Outstanding! I am eyeballing a Viking 30" range on CraigsList at the moment.


----------



## gadzooks

Oh, God! Make it stop...there's a one dollar wok on top of the fridge...


----------



## Fisher's Mom

gadzooks said:


> Outstanding! I am eyeballing a Viking 30" range on CraigsList at the moment.


You go, girl!!! (Wait a minute - I don't know if it's Ms or Mr Gadzooks.)


----------



## gadzooks

Er, Mr.........and it's an older model, but clean, black with s.s. trim...bit rich, $900....


----------



## Fisher's Mom

Sorry, Mr. Gadzooks. But you won't let an "asking" price stop you, right?

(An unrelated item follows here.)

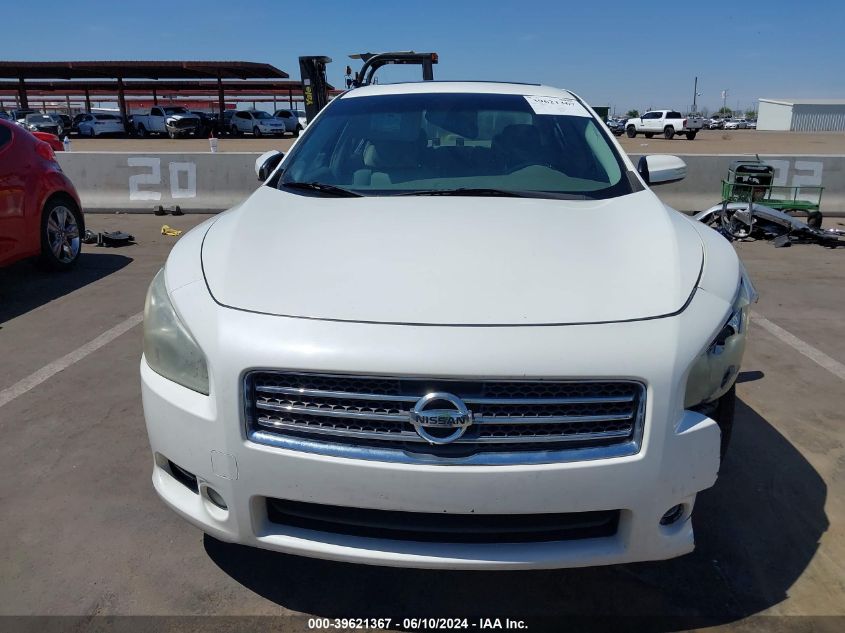 2009 Nissan Maxima 3.5 Sv VIN: 1N4AA51E09C829046 Lot: 39621367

I've been known to watch items for months before I made an offer and sometimes I get lucky!


----------



## gadzooks

Oh, I'll try to low-ball him first, and then be ready to start dealing. Alright! Bread's out of the oven and cooling. Time for a trip to the post office.


----------



## Fisher's Mom

There you go. Wouldn't that be sweet - a deal on a Viking!!!


----------



## jpmcgrew

I don't live any where near a good thrift store or good garage sales. Theres Ebay but by the time you pay shipping it's usually no longer a bargain.


----------



## VitaWright

You people and your Vita Mix blenders!!!  Why can't I find one!!!!


----------



## DaveSoMD

My best find is an "Acme Safty Grater"  Picture here Vintage ACME Safety Grater

I have my Grandmothe's but the 2 center splines broke and fell out, which makes it a little difficult to use sometimes.   I had been searching for a new one for years and found one at the local thrift store a few months ago for 50 cents.


----------



## Leolady

VitaWright said:


> You people and your Vita Mix blenders!!! Why can't I find one!!!!


 
You have to hold your mouth right.  

Then stop looking for one.  

Then you will be sure to find one!


----------



## gadzooks

VitaWright said:


> You people and your Vita Mix blenders!!!  Why can't I find one!!!!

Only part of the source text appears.